PROVIDED INFORMATION
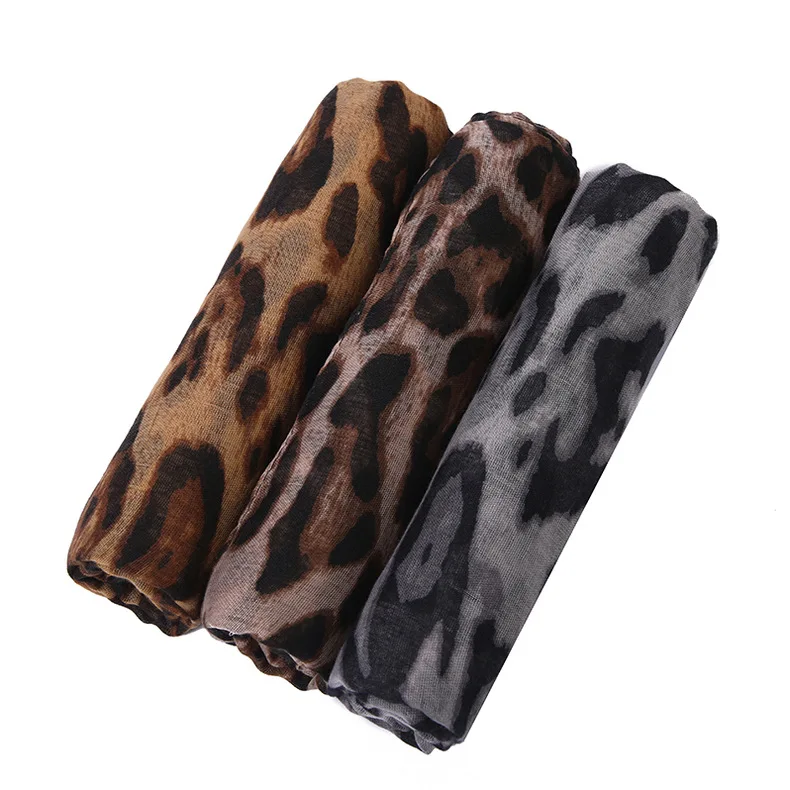 Boho 1pc Fashionable Leopard Print Batik-Style Soft Lightweight Women\'s Scarf Shawl Suitable For Daily Commuting & Outdoor Wear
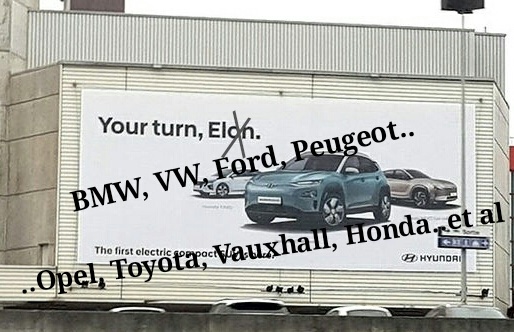 Hyundai-Kona 18600 total vTesla-Elon-Musk 5000 week 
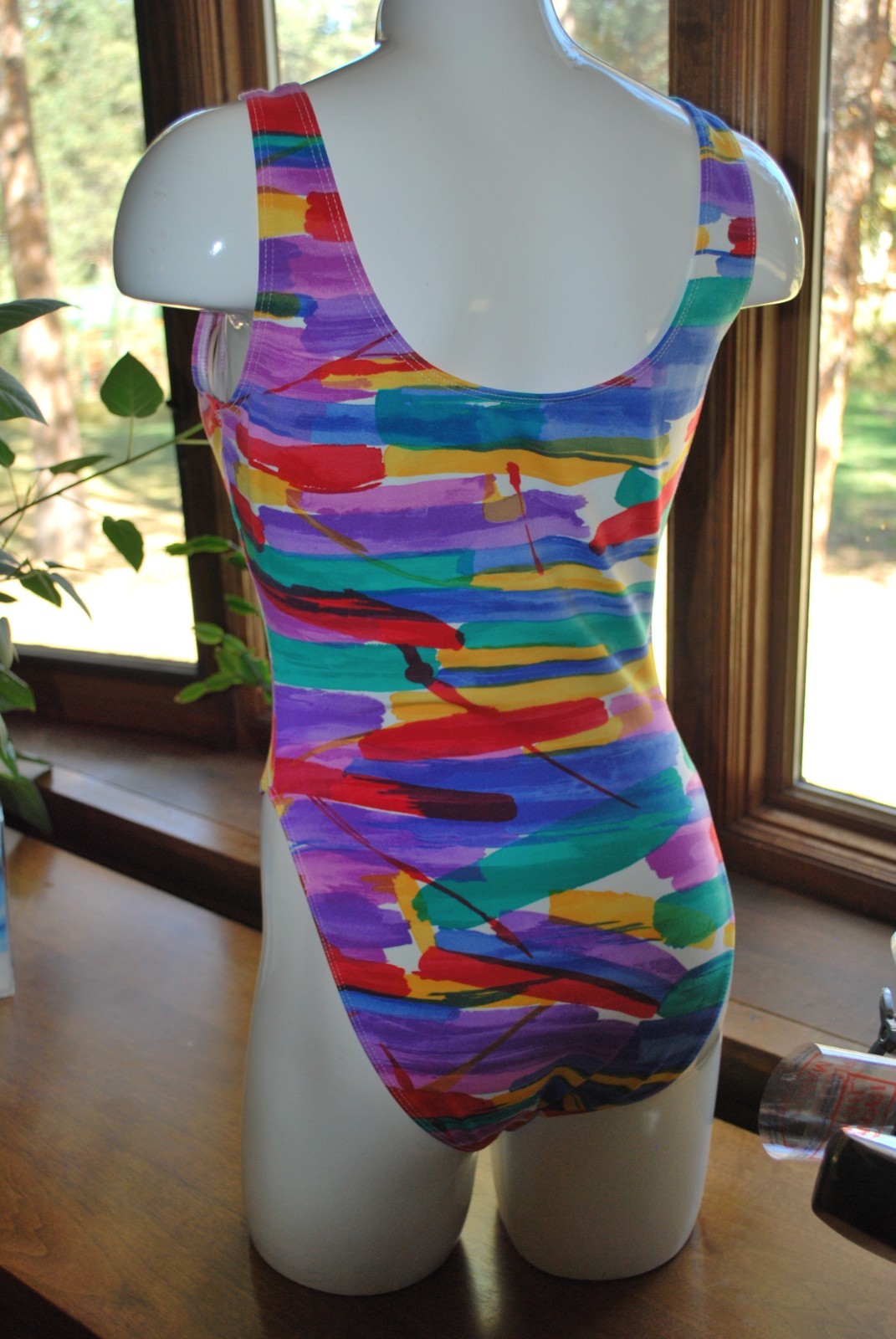 Danskin Leotard Bodysuit Vintage 80s 90s Tank Adult Large High Cut Legs No Snaps
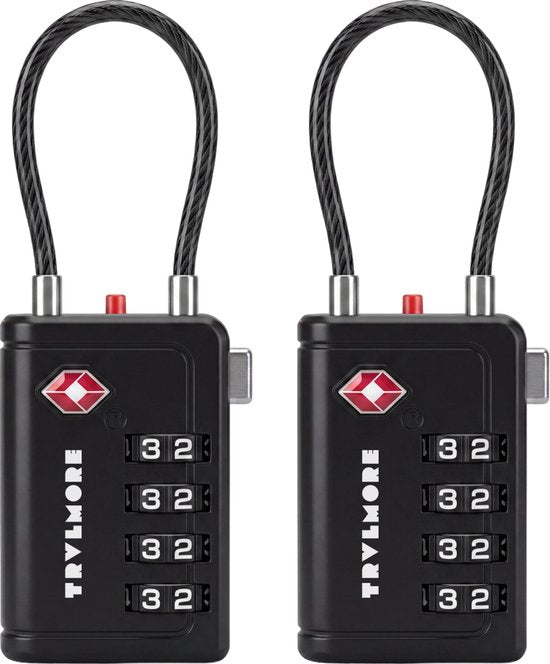 TRVLMORE Cadenas de valise avec câble - Certifié TSA - Fonction alarme - 4 chiffres - Lot de 2 - Noir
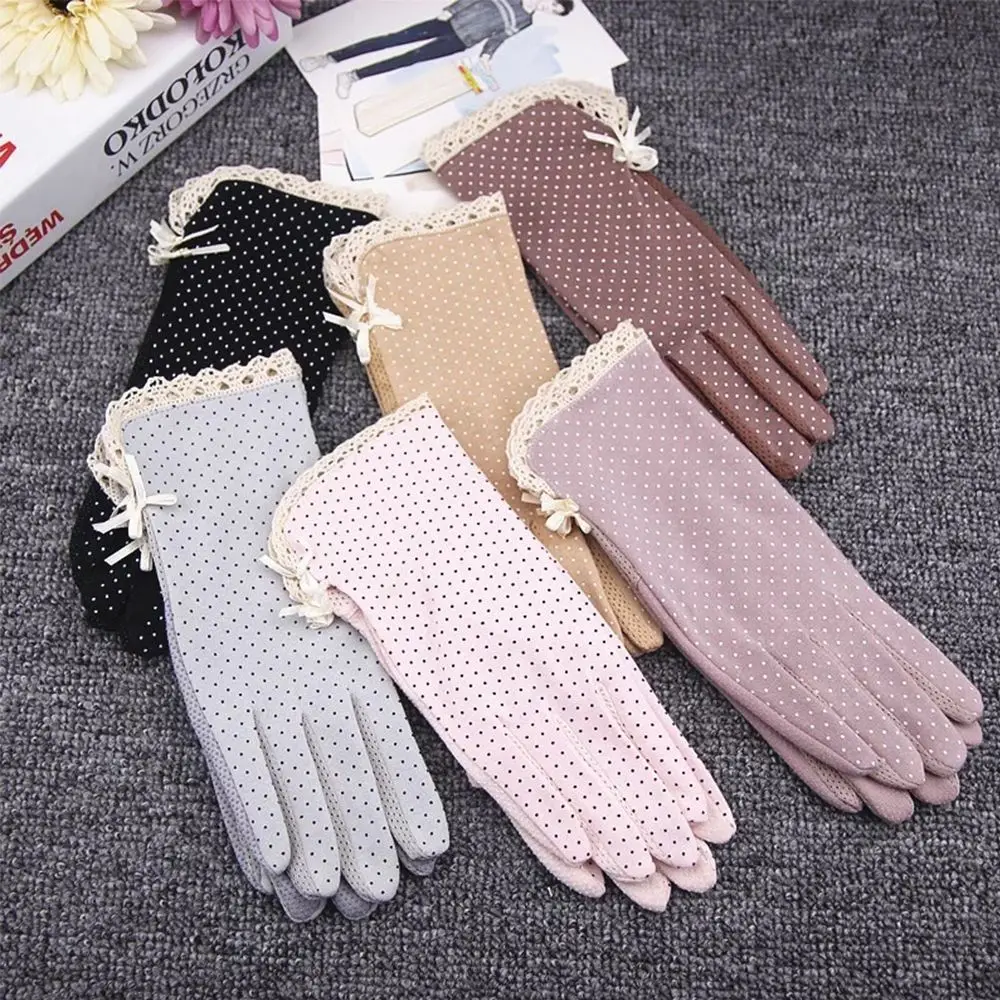 

Fashion Elastic Anti-UV Summer Sunscreen Sun Protection Lace Patchwork Driving Gloves Women Gloves Touch Screen Dots Gloves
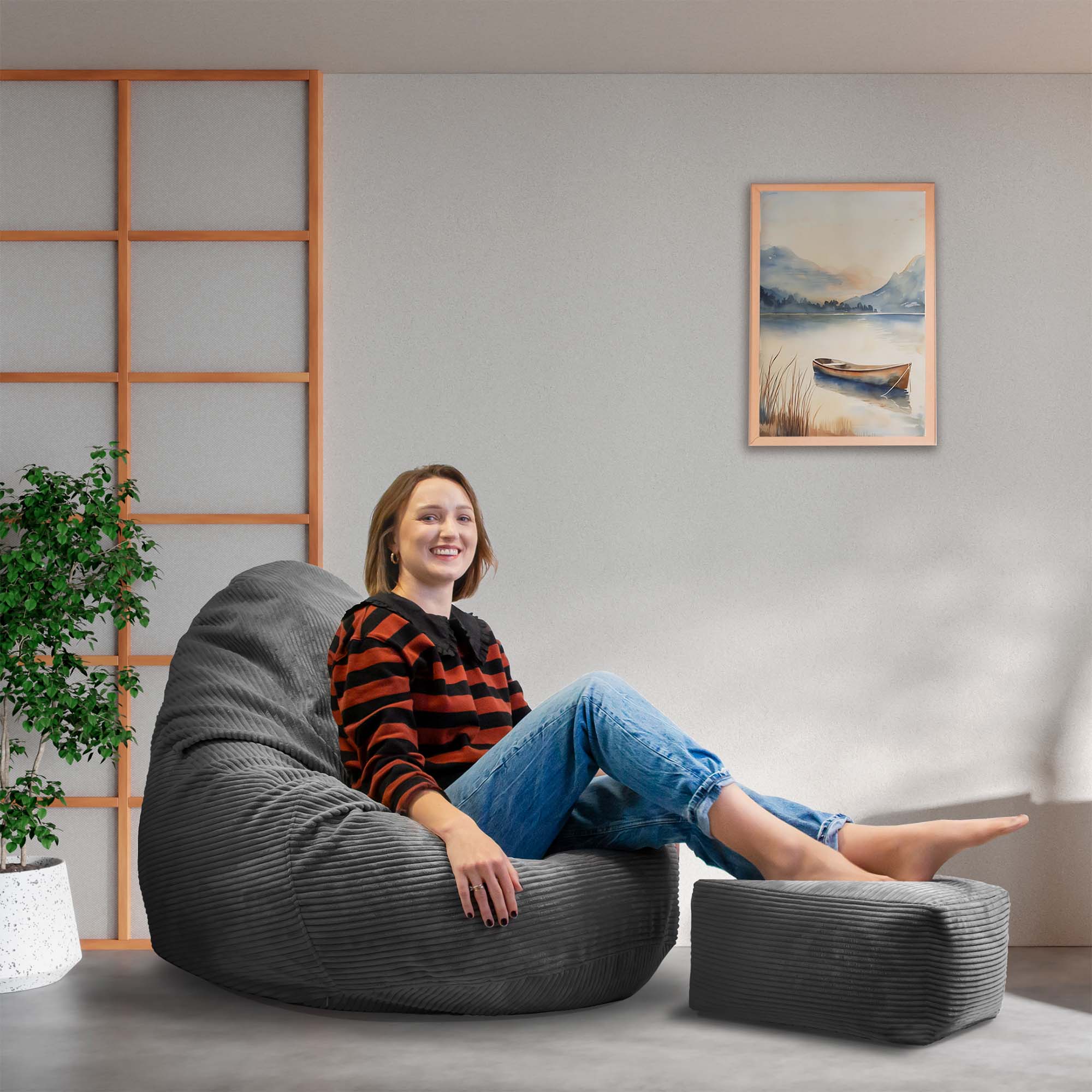 Paradise Hocker mit Fußstütze Granitgrau-S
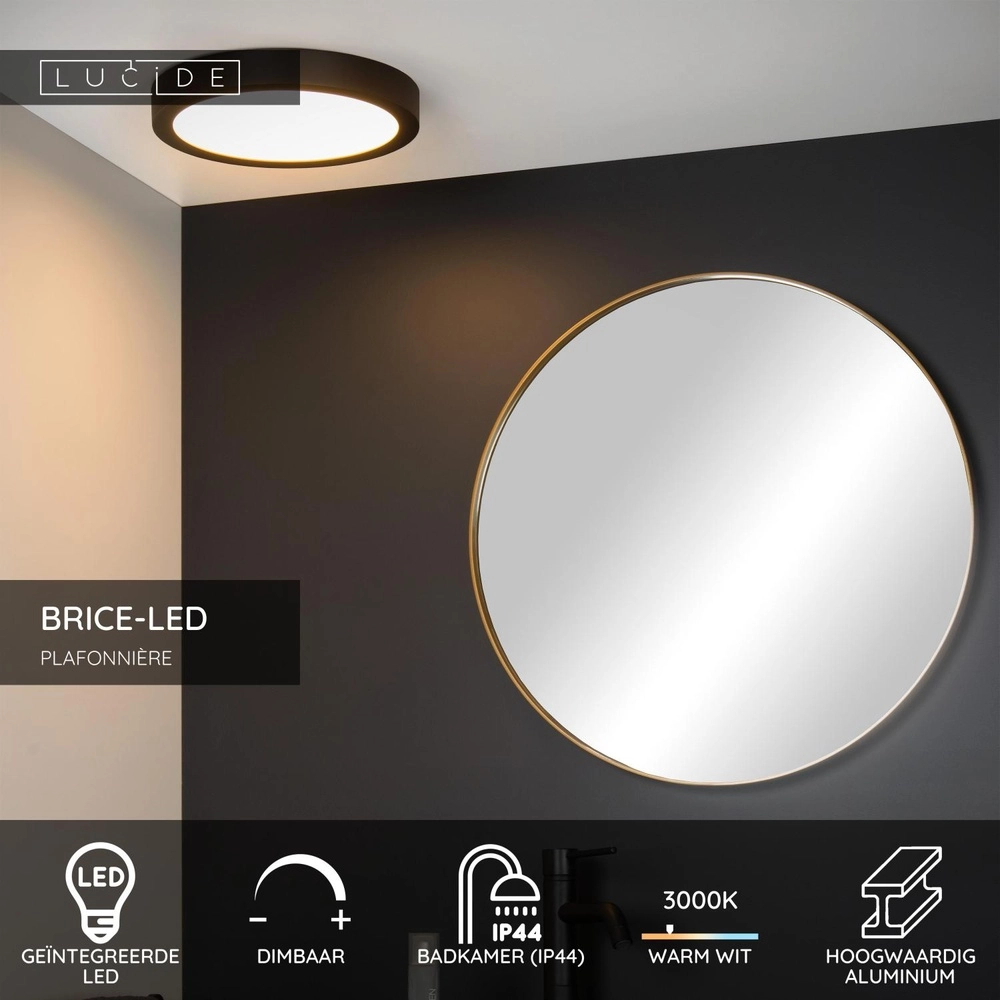 Ceiling light Brice-Led Ø 30cm - IP44 black Lucide 5411212281234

INSTRUCTIONS FOR THE TASK
All pictures should be dropped; the lines from the one containing "Hyundai-Kona 18600 total" through the last line of the material are to be set down exactly.

WRITTEN SOLUTION
 Hyundai-Kona 18600 total vTesla-Elon-Musk 5000 week 
 Danskin Leotard Bodysuit Vintage 80s 90s Tank Adult Large High Cut Legs No Snaps
 TRVLMORE Cadenas de valise avec câble - Certifié TSA - Fonction alarme - 4 chiffres - Lot de 2 - Noir

Fashion Elastic Anti-UV Summer Sunscreen Sun Protection Lace Patchwork Driving Gloves Women Gloves Touch Screen Dots Gloves
 Paradise Hocker mit Fußstütze Granitgrau-S
 Ceiling light Brice-Led Ø 30cm - IP44 black Lucide 5411212281234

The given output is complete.